The Circumcision Procedure and Blessings

Performing the Bris Milah

Photo: Chana Lewis
Photo: Chana Lewis

The father of the infant stands next to the mohel, the one who will perform the circumcision. The father picks up the surgical knife and hands it to the mohel, stating that he appoints the mohel as his deputy to perform the brit milah, the circumcision.1 The knife is extremely sharp, and double edged, in order to cause the least pain possible.2

The Sephardic custom is for the mohel to say, at this point in the ceremony, “bereshut moirei verabotai,” “with the permission of my teachers and the community.” The community responds, “l’chaim,” “to life.”3

The Blessings

The mohel recites the blessing, “Blessed are You, L‑rd our G‑d, King of the universe, Who has sanctified us with His commandments and commanded us concerning circumcision.”4

Then he begins the circumcision.

The father recites the blessing, "Baruch atah A-donay, Elo-heinu Melech Ha’Olam, asher kideshanu bemitzvotav vetzivanu le-hach-ni-soh bivrito shel Avraham Avinu", “Blessed are You, L‑rd our G‑d, King of the universe, Who has sanctified us with His commandments and commanded us to enter him into5 the Covenant of Abraham our father.”6

Those present7 respond:

“Ke-shem she-nich-nas la-brit kein yi-ka-neis le-to-rah le-choo-pah oo-le-ma-a-sim to-vim.”- “Just as he has entered into the Covenant, so may he enter into Torah, into marriage, and into good deeds.”

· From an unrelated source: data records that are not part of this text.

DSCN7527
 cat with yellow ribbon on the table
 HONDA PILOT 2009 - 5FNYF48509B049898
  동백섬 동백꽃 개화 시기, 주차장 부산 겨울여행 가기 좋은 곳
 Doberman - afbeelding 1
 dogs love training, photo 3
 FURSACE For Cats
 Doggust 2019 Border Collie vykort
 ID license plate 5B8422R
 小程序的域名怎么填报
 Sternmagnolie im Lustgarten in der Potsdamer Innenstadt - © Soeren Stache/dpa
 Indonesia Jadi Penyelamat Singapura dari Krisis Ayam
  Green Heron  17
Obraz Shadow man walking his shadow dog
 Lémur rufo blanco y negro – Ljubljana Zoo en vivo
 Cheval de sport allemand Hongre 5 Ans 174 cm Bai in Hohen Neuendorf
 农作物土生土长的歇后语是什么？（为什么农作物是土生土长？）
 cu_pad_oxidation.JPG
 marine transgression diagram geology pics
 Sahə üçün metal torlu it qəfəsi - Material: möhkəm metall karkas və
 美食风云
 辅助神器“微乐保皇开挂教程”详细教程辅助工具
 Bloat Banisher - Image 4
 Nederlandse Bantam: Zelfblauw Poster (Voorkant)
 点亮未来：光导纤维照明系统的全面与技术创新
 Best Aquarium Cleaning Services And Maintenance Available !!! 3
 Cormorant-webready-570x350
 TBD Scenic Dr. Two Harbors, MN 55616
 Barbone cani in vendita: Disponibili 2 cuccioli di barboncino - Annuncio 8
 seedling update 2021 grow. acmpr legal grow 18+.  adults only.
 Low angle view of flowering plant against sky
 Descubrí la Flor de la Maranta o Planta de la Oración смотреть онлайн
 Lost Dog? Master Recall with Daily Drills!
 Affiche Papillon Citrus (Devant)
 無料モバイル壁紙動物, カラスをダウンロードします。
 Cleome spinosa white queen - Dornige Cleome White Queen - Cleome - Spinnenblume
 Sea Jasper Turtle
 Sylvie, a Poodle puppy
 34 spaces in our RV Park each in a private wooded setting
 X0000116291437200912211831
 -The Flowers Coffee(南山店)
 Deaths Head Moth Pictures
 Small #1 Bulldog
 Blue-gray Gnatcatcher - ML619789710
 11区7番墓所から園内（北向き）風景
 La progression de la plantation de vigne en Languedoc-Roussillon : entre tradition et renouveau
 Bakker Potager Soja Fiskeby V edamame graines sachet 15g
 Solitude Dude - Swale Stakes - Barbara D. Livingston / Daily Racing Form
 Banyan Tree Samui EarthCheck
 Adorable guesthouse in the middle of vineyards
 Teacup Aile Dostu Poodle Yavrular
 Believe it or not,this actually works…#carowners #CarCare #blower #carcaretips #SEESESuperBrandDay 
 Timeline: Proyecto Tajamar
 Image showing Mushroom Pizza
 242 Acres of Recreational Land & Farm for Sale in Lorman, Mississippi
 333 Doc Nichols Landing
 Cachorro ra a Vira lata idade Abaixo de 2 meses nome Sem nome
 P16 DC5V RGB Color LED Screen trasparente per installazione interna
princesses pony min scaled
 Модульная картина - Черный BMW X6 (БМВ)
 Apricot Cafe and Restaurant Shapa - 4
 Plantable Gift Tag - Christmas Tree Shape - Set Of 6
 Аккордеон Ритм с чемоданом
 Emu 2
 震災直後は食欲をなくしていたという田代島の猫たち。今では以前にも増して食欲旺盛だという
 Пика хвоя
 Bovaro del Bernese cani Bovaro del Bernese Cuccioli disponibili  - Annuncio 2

The community prays that the father merit to fulfill his other obligations throughout the child’s upbringing: to educate him, marry him off, and raise him with acts of kindness.8

In most Sephardic communities the father says his blessing before the circumcision,9 followed by the blessing of Shehechiyanu.10


Shulchan Aruch, Yoreh Deah 265:9.


Derech Pikudecha, Mitzvat Asei 2, 30.


See the Sephardic Prayer Book.


Shulchan Aruch 265:1.


Some say, “to the covenant” and others say, “enter my son into the covenant,” (see Otzar Habrit p. 221).




Shulchan Aruch 265:1.




Otzar Habrit, p. 220.


Shulchan Aruch 265:7: Ba-ruch A-tah A-do-noi Eloi-hei-nu Me-lech ha-o-lam she-he-che-ya-nu v'ki-yi-ma-nu vi-hi-gi-ya-nu liz-man ha-zeh, Blessed are You, L‑rd our G‑d, King of the Universe, who has granted us life, sustained us and enabled us to reach this occasion.

Dovid Zaklikowski is a freelance journalist living in Brooklyn. Dovid and his wife Chana Raizel are the proud parents of four: Motti, Meir, Shaina & Moshe Binyomin.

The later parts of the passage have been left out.